Thursday, April 23, 2015

Volunteers Show their Stuff

The volunteers are over-performing this year!  It's amazing what a little timely rain and my neighbor's seeds can accomplish.
Everyone knows California Poppies. I dumped a seed packet on my garden two years ago and Nature does the rest.  I am deadheading so they'll last till the garden tour. This photo was during a heat wave... they were a little limp.

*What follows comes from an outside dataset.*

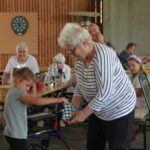 Starejša gospa in deklica skupaj sodelujeta pri igri s skodelico, okoli njiju sedijo stanovalci doma in otroci.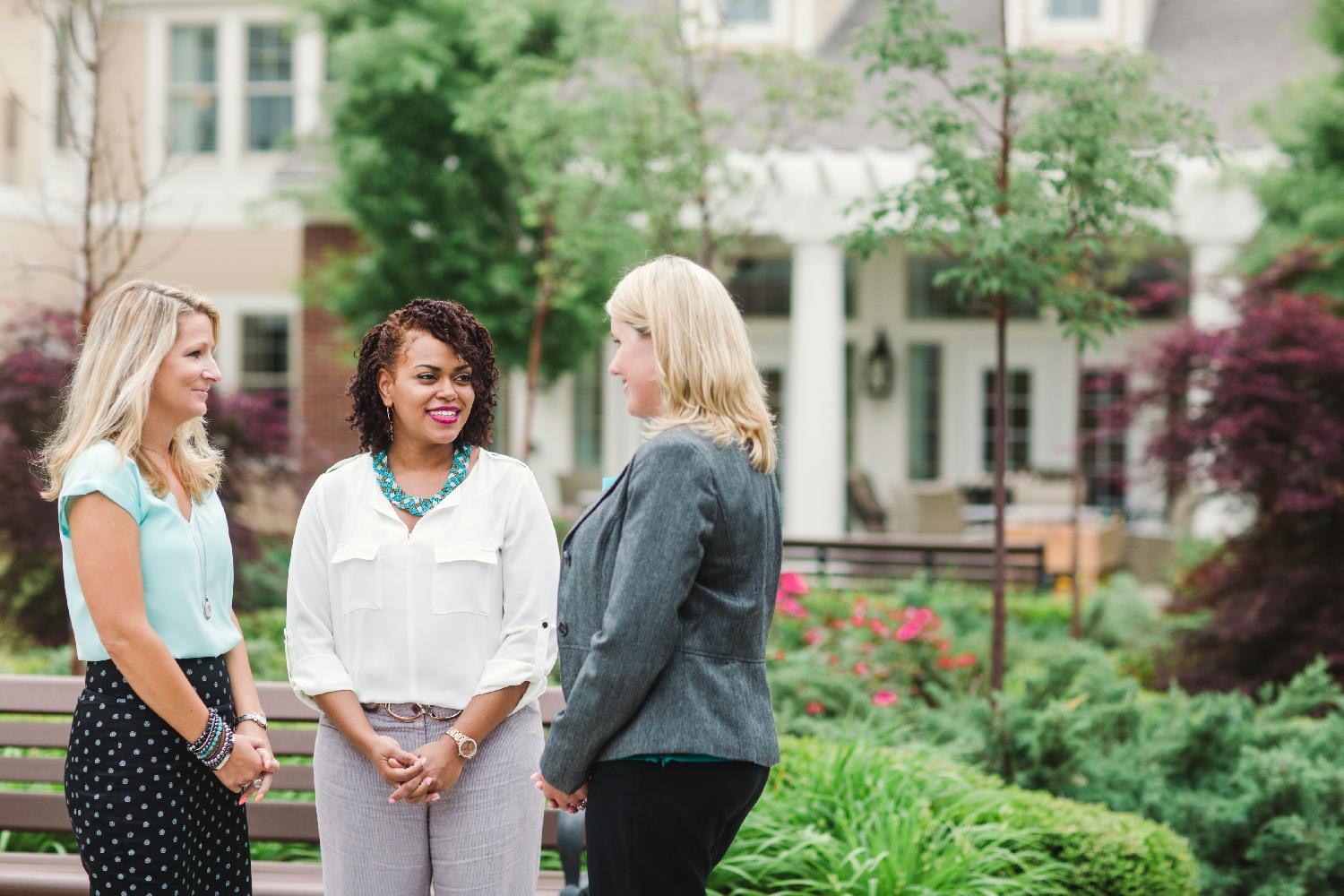 Three associates enjoy a chat outside their community.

I inadvertently designed an excellent garden for volunteers in my front yard.  The bases of my mounds collect both seeds and moisture (from association lawn overspray), making them ideal incubators for wildflowers.  Weeds too, but it's a small area, and once the wildflowers take hold they crowd out the weeds. When they fade away in summer, the bare gravel base of the slope does not seem out of place. The trickiest part was figuring out which were weeds and which were wildflowers.
Seep Monkeyflower (from Tomaz' garden next door) was a surprise. My garden's not wet!

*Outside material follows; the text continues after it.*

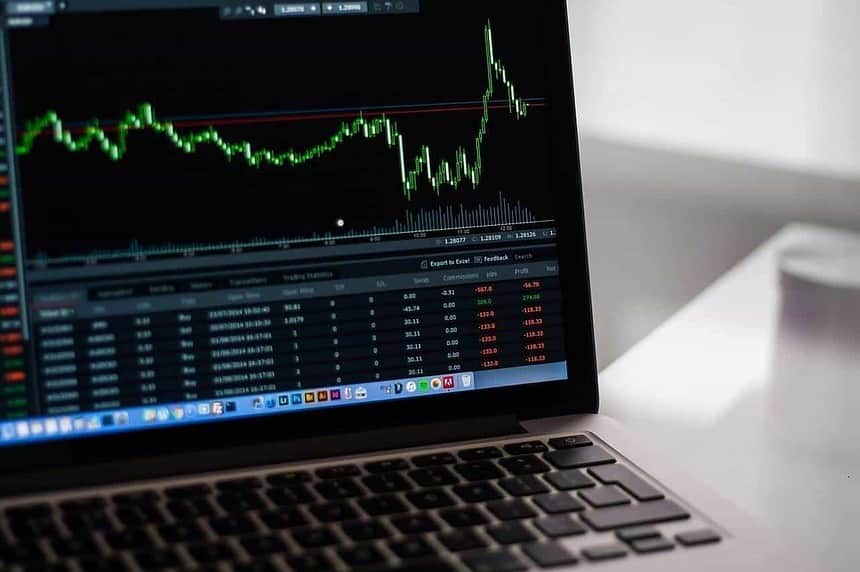 Laptop displaying stock market investment charts.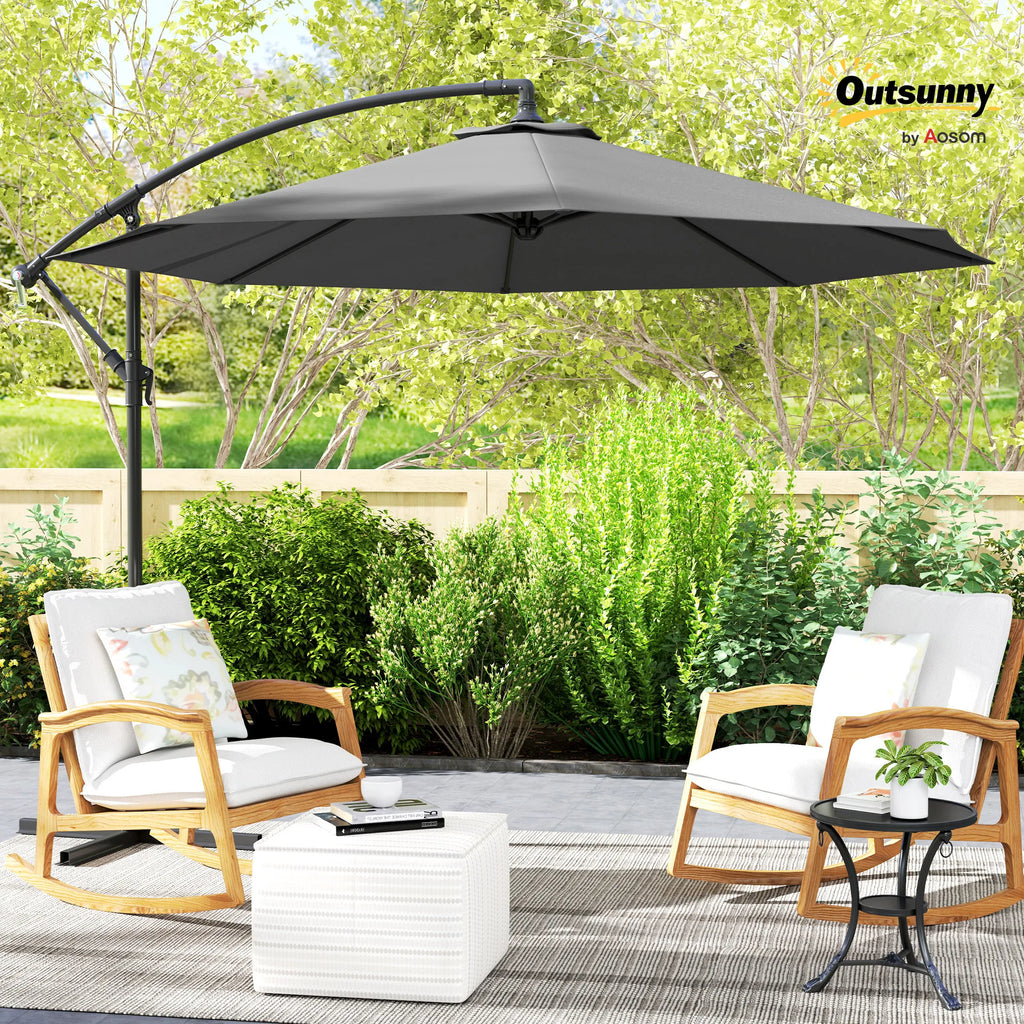 Gray cantilever patio umbrella shading two chairs in an outdoor garden seating area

Perennial Blue-eyed Grass was the first colonizer of my garden.  Two plants from Tomaz became a half dozen the next year– but no blooms.  I had wondered if I got duds.  They are blooming copiously their second year, with so many new sprouts I'll be stocking my friends' gardens next year.

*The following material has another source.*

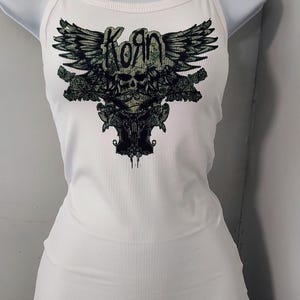 May include: White tank top with a black and green graphic of a skull with wings and the word "Korn" above it.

Blue-eyed Grass with a background of Red Buckwheat. It disappears in summer, but happily grows in, through and around just about anything, so no bare spots.
Many California wildflowers are annuals.  They sprout in winter, delight in spring, and vanish by summer.  Perhaps this is the reason they are seldom cultivated (aside from poppies).  But their seeds live on.
Life-sized photo of little Beach Primrose (Camissonia cheiranthifolia), also seeded from Tomaz' planting.
Our tallest volunteer by far is Elegant Clarkia (Clarkia unguiculata), a meadow flower found widely in California.  I got the seeds, gave them to Tomaz, and one of their progeny shot up through my seaside daisies.  His side of the garden has a dozen or so two-foot sprigs. I have one monster.
Elegant Clarkia on steroids: four feet tall.  Also color coordination is out the window.  Totally worth it. 
Another Clarkia that performs well in my garden is Farewell to Spring (Clarkia bottae).  It blooms later than other annual wildflowers, and is not yet at its peak.  The selection I got from Tree of Life (in 4" pots) makes very neat round mounds.
Early blooms from Farewell to Spring.
Lighting up the unirrigated, mowed strip along the campus ring road at UCI: Desert Marigold (Baileya radiata). I hope the one I just planted produces some volunteers too!
Unstoppable native.  This Desert Marigold got mowed and came right back.
A garden is always a collaboration between humans and nature.  I like it when nature takes liberties with design.  I'm glad my garden has room for these stunning volunteers.